Orta Doğu’da, ABD’nin binlerce askeri görev yapıyor. Bağdat’ın yaklaşık 240 kilometre batısında yer alan El Esad Hava Üssü, Irak ve ABD kuvvetleri tarafından ortak kullanılıyor ve bölgenin en büyük ABD askeri üssü olma özelliğine sahip. Geçmişte de birçok defa İran tarafından hedef alındı. ABD’nin Ocak 2020’de General Kasım Süleymani’yi öldürmesi sonrası, Tahran Irak’taki ABD üslerine toplamda 16 füzeyle saldırmıştı. Bu saldırılarda 11 füze El Esad’a düşmüş ve çok sayıda ABD askeri yaralanmıştı. Aynı zamanda Erbil’deki ABD askeri üssü de hedef alınmıştı.
ABD, bu ay başında, Suriye’deki 8 askeri üssünden 7’sini kapatmayı planladığını duyurdu; yalnızca güneydeki Tenf Üssü’nü açık tutacağını açıkladı. Ancak, bu planın zamanlaması henüz kesinleşmedi. Geçmişte, Ocak 2024’te, Tenf’in güneyinde bulunan 22. Kule adlı ABD karakoluna yapılan saldırılarda 3 ABD askeri hayatını kaybetmiş ve onlarcası yaralanmıştı. Bu olay, Kabil’in düşüşünden bu yana gerçekleşen en büyük saldırı olarak kayıtlara geçti.
ABD, Basra Körfezi’nde de geniş çapta askeri varlıklarını sürdürüyor.

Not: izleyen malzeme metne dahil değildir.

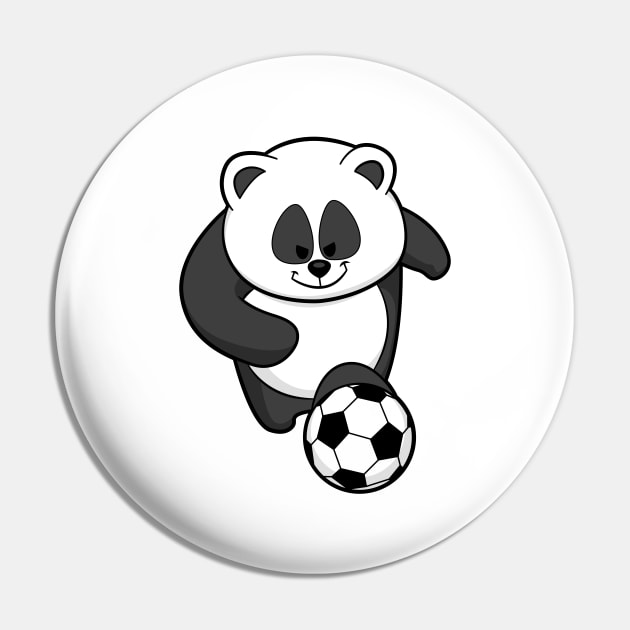 Panda as Soccer player at Soccer Pin by Markus Schnabel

Bahreyn’deki Donanma Destek Üssü, 5. Filoya ve yaklaşık 8.300 Amerikan askerine ev sahipliği yaparken, Katar’daki El Udeyid Üssü, Orta Doğu bölgesindeki en büyük üs konumunda. Bu üs, ABD Merkezi Komutanlığı’nın ileri karakolu olup, 10.000’den fazla askeri barındırmakta. İran’ın bölgedeki bu askeri varlıkları, bölgesel güç dengelerini yakından etkiliyor ve olası çatışmalarda önemli rol oynuyor.